To the right of the tower, the facade is 3 storeys with simpler detail. The ground floor mirrors the left side with tall windows and renewed glazing. Above the cornice, the elevation is divided into two bays by foliated giant order pilasters uniting the first and second floors. The first floor has intermediate pilasters forming a band of 4 windows retaining their original sashes. The shorter second floor windows have modern glazing. The cornice above the second floor continues that which runs above the first floor of the tower.

The Hall Street elevation is a 3-storeyed, 4-window return of the main entrance range, with similar parapet, cornice and pilaster treatment and shallow second floor windows over first floor sashes. The ground floor cornice returns over tall semicircular headed openings with moulded arches and keystones; the outer openings are doorways, one retaining small-paned glazing and the other blocked.

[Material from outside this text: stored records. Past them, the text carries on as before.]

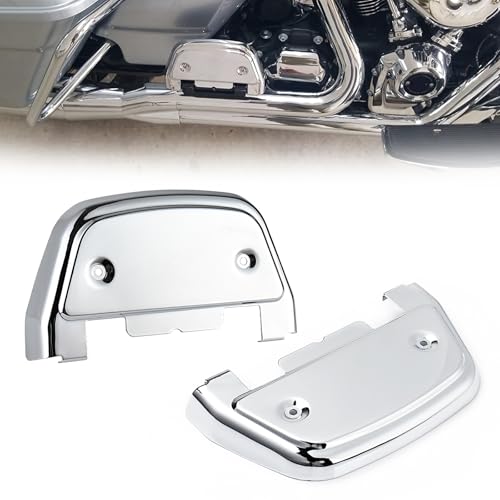 NAAMOTOMOX Chrome 2X D-shaped Passenger Footboard Cover, 50782-91, for 1986-later Harley FL Softail, 1987-later Touring Trike, 2006-later Dyna, Limited Street Electra Road Glide Heritage Low Rider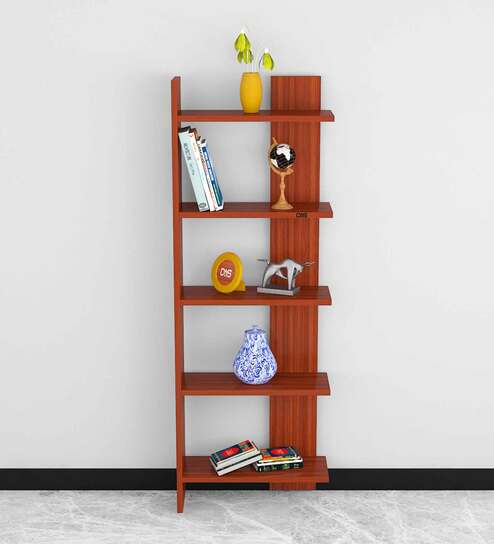 Aroma Floor Standing 5 Shelves Classic Walnut Finish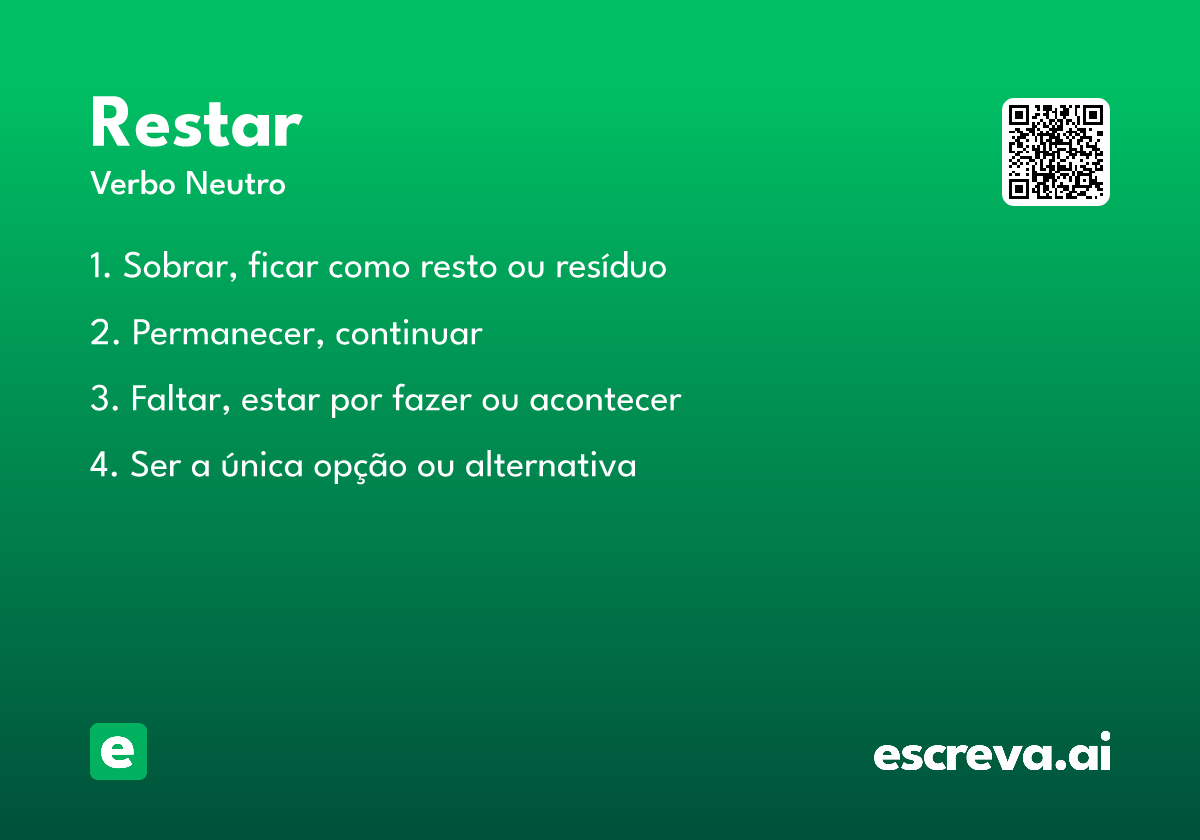 restar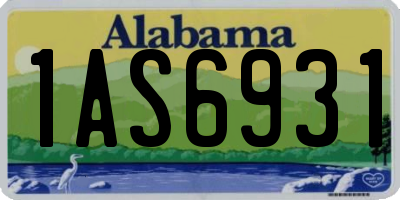 AL license plate 1AS6931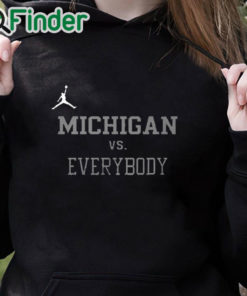black hoodie Charles Woodson Jordan Michigan Vs Everybody Shirt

To the north-east, a 3-bay section in red brick with 2 storeys may represent the remodelling rather than the replacement of an earlier 19th-century market. It has a deep modillion bracketed cornice, full-height pilasters, and round-arched openings with stone hoods to the first floor and gauged brick voussoirs to the ground floor with stone impost bands and sills. The plinth is of rubble with grilled basement lights to the right. The rear return elevation retains a similar round-headed small-pane window beneath 2 blocked windows with finely gauged brick heads. The market was enlarged in 1881 by the addition of a transverse hall to the north-east, which features full-length louvred clerestory. The classical broken-pedimented south front has finely detailed brickwork including dentilled bands at the top over central ocular windows, and 2 tall recessed areas within which are set semicircular arched good entrances with modern doors. A central round-headed window faces the opposite end. The long side elevation has an inserted sandstone plaque dated 1877.

Interior

The entrance and stair hall is floored in Minton tiles. A cantilevered stone dog-leg staircase with open-work cast-iron balustrades featuring floral ornamentation leads to the principal public rooms on the first floor. The Court-Room in the left hand range retains original fittings including many of the benches, the dock with ornamented cast iron railings above panelled woodwork. The Council chamber in the right hand section retains early 20th-century fittings. The Assembly hall in the rear range has a ribbed coffered ceiling.

The ground floor houses the former corn-exchange in the left hand range, with the main market hall to the rear. The market hall interior retains a stone flagged floor and features stone Doric columns, probably remaining from the earlier market building, now carrying I-section cast-iron beams. Two cast-iron columns with simply foliated capitals also remain, though other supports are later replacements.